BASC believes the publication of the first comprehensive raptor persecution map for England and Wales will allow enforcement to be effectively targeted.
While a previous map showed only incidents involving the poisoning of protected raptors, the new interactive map also now includes for the first time incidents of shootings, trappings and nest destruction.
The map, published on behalf of the Raptor Persecution Priority Delivery Group (RPPDG) and the National Wildlife Crime Unit, has the support of Defra. It covers the five-year period between 2011 and 2015 and will be updated on an annual basis.
Defra has said North Yorkshire will be a priority area as the most incidents occurred there (39), followed by Norfolk (17), Cumbria (11), Derbyshire (11), Lincolnshire (10), Suffolk (8) and Northumberland (8).
Christopher Graffius, BASC’s acting chief executive, said: “For the fight against raptor persecution to be successful, it is essential that credible intelligence is available to enable enforcement to be focused in the most effective manner.
“This map should serve as a wake-up call for those who are doing a disservice to the entire shooting community by committing crimes against birds of prey.
“The message should now be heard loud and clear that illegality has to stop. BASC fully supports the publication of this map and hopes it will prove to be a valuable tool in the fight against raptor crime.”
BASC, as members of the RPPDG, has worked with other rural organisations, the RSPB, the police and government agencies to publish the information.
Ian Grindy, chair of BASC’s game and gamekeeping committee, said: “For too many years, the extent of persecution has been hidden.
“BASC hopes that by pulling together all the available data in this interactive map, organisations are in a better position to put an end to this illegal activity once for all.
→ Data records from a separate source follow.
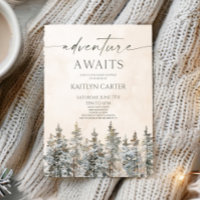 Abenteuer erwartet Winter Schnee Kiefer Baby-Party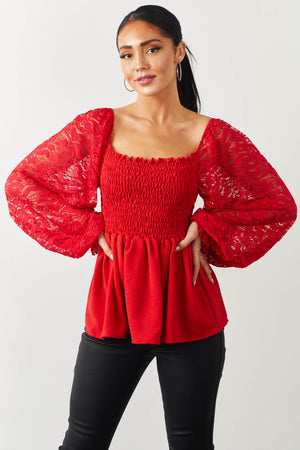 Lipstick Smocked Peplum Blouse with Lace Sleeves
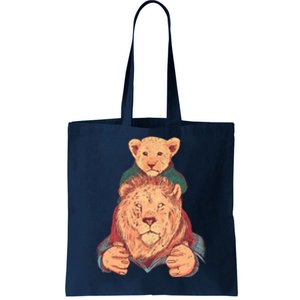 Lion Father And Son Tote Bag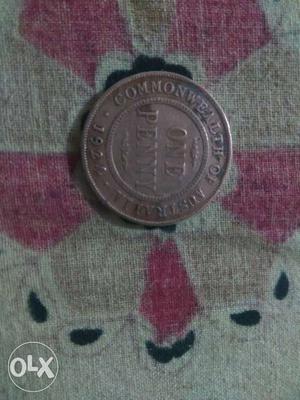 Coin one penny  Australia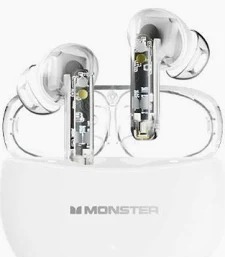 Monster AirStar W33 Wireless Bluetooth Earbuds, Bluetooth 5.4 TWS Earphones, Deep Bass Stereo Sound, HD Calling, Low Latency Gaming Mode, Type-C Fast Charging, Long Battery Life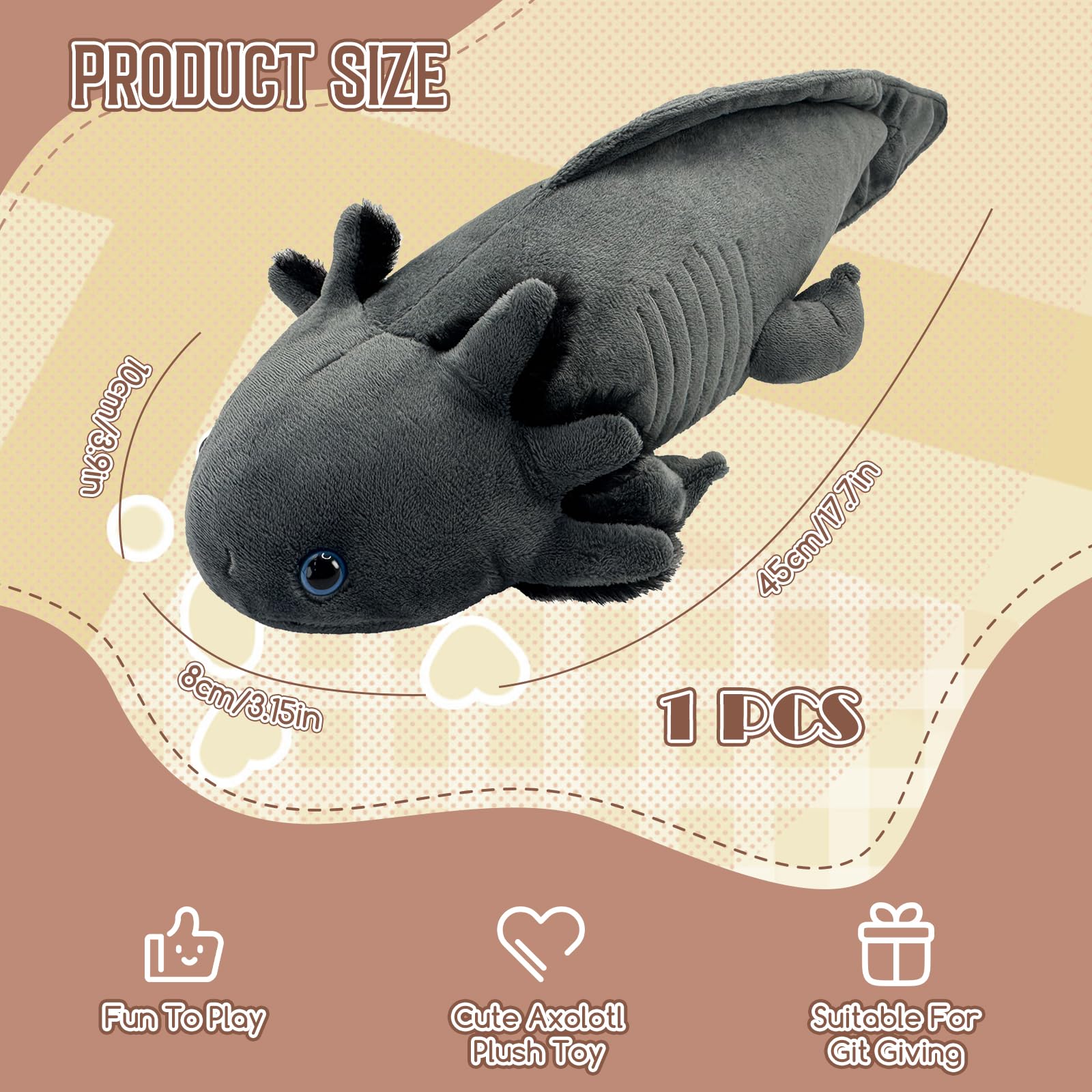 Roqei Axolotl Plush - Soft Grey Axolotl Stuffed Animal, 19 Inch Cute Salamander Plush Pillow, Kawaii Plushie Toy, Birthday Gifts for Kids and Youth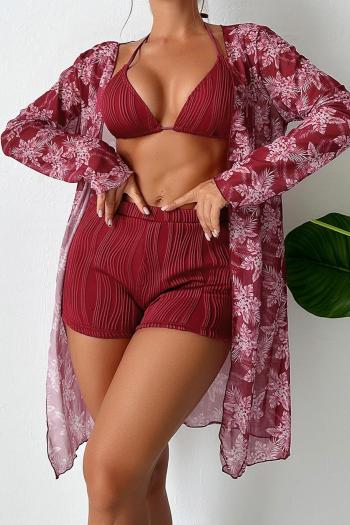 sexy floral batch print padded high waist see through mesh three-piece swimsuit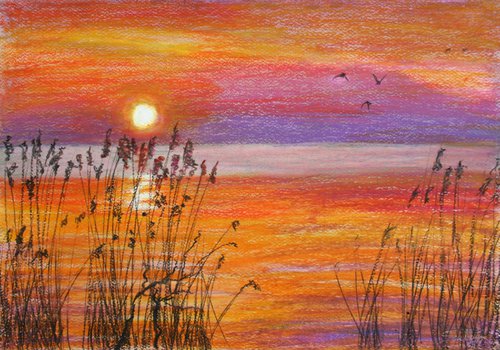 Sunset /  ORIGINAL PAINTING by Salana Art Gallery
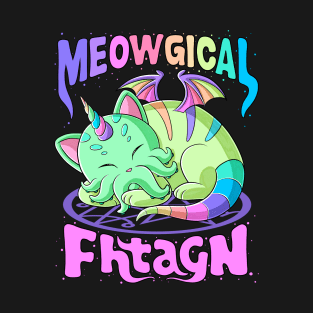 Cute Cat Cthulhu Unicorn dreaming. Cathulhucorn Meowgical T-Shirt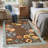 Scalloped Rug Machine Washable Floral Living Room Rugs Non Slip Bedroom Carpet for Nursery Dining Room Dorm Office-60734431-60734416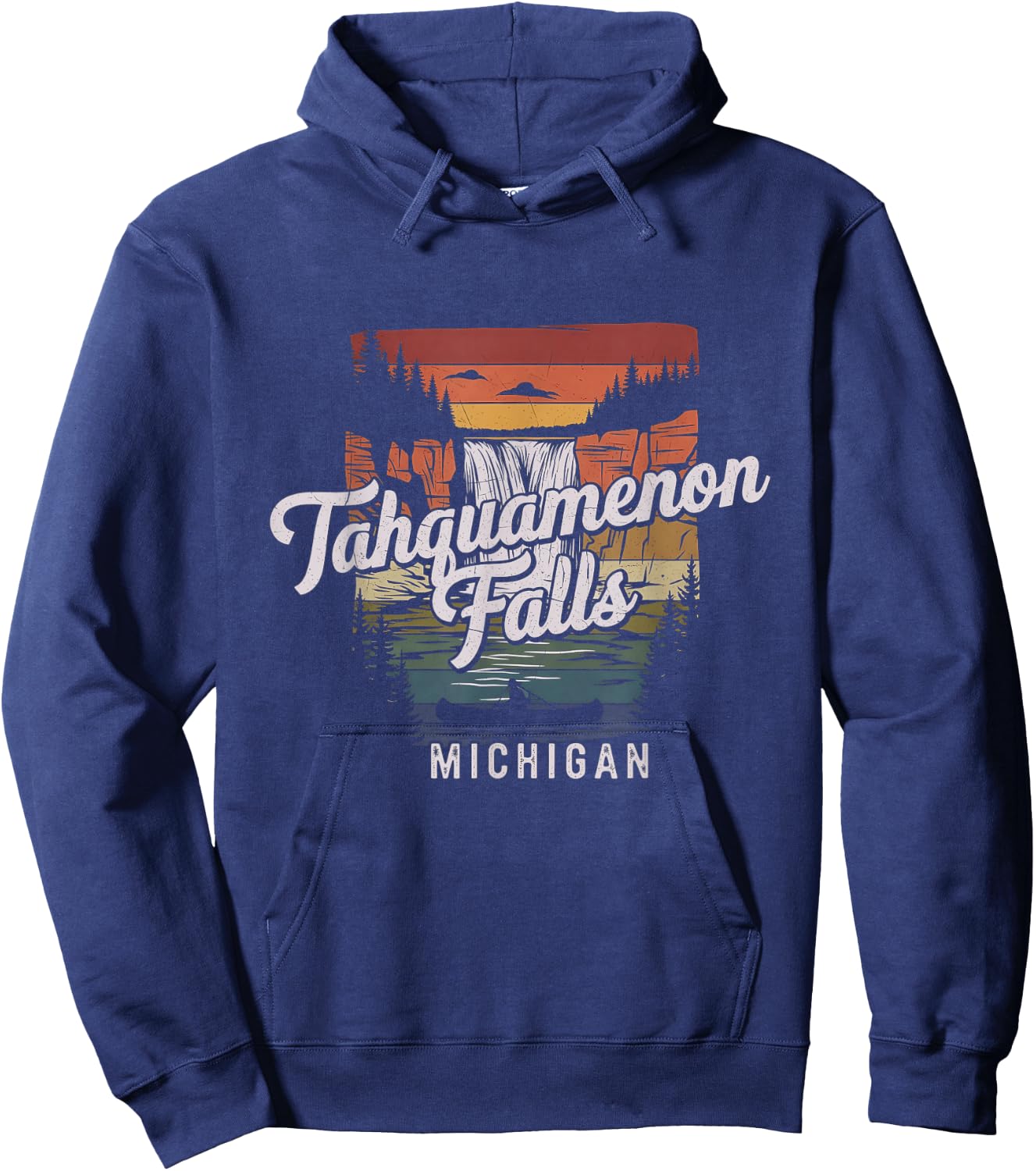 Retro Tahquamenon Falls Michigan Design Hoodie - Hoodie | Navy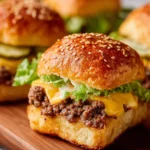 Big Mac Sliders served on a plate with fresh toppings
A clear step has been taken towards driving these criminals into full view.”
Wildlife minister Dr Therese Coffey said: “Birds of prey are a vital part of our animal landscape, icons of our cultural heritage and key to boosting local economies by attracting visitors to England and Wales.
“These maps highlight hot-spots across the country for crimes against these precious birds, enabling the police to crack down with increased enforcement in areas where it’s needed most – building on the valuable work land management, conservation and shooting organisations are already doing to help protect iconic birds of prey.”
A Defra spokesperson added: “There are already strong penalties in place for committing offences against birds of prey and the unlawful use of traps and all wild birds are protected under the Wildlife and Countryside Act 1981.
“The government takes all wildlife crime very seriously and raptor persecution has been identified as a UK wildlife crime priority. Each priority has a delivery group to consider what action should be taken, develop a plan to prevent crime, gather intelligence on offences and enforce against it.
“The National Wildlife Crime Unit also monitors and gathers intelligence on illegal activities affecting raptors and provides assistance to police forces when required.
“These maps build on this valuable work and will help boost the fight against those who continue to commit crimes against raptors. In the five-year measurable period there have been 262 incidents in England and Wales: 146 of these caused by shooting and 66 by poisoning. The majority of incidents took place against buzzards (108), followed by owls (40), red kites (39) and peregrine hawks (34).”